--- BRIEF ---
In the material below, the required lines run from the one containing "BERETTA Gallery Mens" through the one containing "Used Wuling Hongguang". Copy those lines exactly, ends included, and nothing else.

--- EXTRACTED MATERIAL ---
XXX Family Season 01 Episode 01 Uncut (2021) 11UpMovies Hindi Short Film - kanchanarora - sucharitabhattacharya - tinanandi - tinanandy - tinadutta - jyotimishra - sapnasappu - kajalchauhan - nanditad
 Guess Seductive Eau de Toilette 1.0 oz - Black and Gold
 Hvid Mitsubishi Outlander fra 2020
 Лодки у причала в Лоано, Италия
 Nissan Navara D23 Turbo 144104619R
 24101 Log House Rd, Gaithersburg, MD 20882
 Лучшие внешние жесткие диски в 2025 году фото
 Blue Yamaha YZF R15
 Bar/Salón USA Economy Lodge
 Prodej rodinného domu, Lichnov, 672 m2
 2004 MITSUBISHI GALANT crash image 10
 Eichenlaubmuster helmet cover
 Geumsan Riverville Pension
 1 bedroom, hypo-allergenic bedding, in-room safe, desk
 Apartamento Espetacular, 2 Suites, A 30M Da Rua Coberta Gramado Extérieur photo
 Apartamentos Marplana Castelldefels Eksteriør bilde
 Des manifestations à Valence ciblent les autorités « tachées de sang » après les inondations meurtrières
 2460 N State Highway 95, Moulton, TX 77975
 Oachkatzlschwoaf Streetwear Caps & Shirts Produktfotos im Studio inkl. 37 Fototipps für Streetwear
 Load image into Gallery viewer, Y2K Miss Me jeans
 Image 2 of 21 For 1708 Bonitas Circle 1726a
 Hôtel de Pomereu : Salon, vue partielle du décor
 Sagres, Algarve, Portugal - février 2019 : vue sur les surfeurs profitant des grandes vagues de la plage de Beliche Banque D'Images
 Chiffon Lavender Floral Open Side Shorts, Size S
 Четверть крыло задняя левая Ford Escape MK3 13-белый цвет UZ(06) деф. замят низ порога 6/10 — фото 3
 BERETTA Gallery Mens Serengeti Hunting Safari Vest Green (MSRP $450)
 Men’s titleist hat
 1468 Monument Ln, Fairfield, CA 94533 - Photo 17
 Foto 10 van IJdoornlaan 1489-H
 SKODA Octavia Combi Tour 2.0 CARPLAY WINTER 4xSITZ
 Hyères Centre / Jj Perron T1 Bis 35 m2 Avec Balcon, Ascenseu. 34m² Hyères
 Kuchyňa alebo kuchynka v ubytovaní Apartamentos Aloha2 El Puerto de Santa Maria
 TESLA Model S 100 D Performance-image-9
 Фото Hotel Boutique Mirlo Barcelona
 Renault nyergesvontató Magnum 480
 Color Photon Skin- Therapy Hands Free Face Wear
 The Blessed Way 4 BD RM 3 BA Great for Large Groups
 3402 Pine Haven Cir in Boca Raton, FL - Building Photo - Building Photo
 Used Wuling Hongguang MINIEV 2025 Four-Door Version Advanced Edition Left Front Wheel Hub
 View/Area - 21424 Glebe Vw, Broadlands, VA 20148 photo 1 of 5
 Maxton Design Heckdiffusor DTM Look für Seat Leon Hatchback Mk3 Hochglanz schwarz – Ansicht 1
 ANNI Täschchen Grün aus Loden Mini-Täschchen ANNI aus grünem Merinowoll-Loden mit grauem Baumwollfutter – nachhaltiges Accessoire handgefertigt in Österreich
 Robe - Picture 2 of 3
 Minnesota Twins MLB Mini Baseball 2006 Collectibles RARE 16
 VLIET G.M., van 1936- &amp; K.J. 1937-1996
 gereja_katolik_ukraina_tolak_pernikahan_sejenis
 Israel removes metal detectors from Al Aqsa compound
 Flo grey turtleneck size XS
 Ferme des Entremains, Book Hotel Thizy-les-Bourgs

--- EXERCISE ANSWER ---
 BERETTA Gallery Mens Serengeti Hunting Safari Vest Green (MSRP $450)
 Men’s titleist hat
 1468 Monument Ln, Fairfield, CA 94533 - Photo 17
 Foto 10 van IJdoornlaan 1489-H
 SKODA Octavia Combi Tour 2.0 CARPLAY WINTER 4xSITZ
 Hyères Centre / Jj Perron T1 Bis 35 m2 Avec Balcon, Ascenseu. 34m² Hyères
 Kuchyňa alebo kuchynka v ubytovaní Apartamentos Aloha2 El Puerto de Santa Maria
 TESLA Model S 100 D Performance-image-9
 Фото Hotel Boutique Mirlo Barcelona
 Renault nyergesvontató Magnum 480
 Color Photon Skin- Therapy Hands Free Face Wear
 The Blessed Way 4 BD RM 3 BA Great for Large Groups
 3402 Pine Haven Cir in Boca Raton, FL - Building Photo - Building Photo
 Used Wuling Hongguang MINIEV 2025 Four-Door Version Advanced Edition Left Front Wheel Hub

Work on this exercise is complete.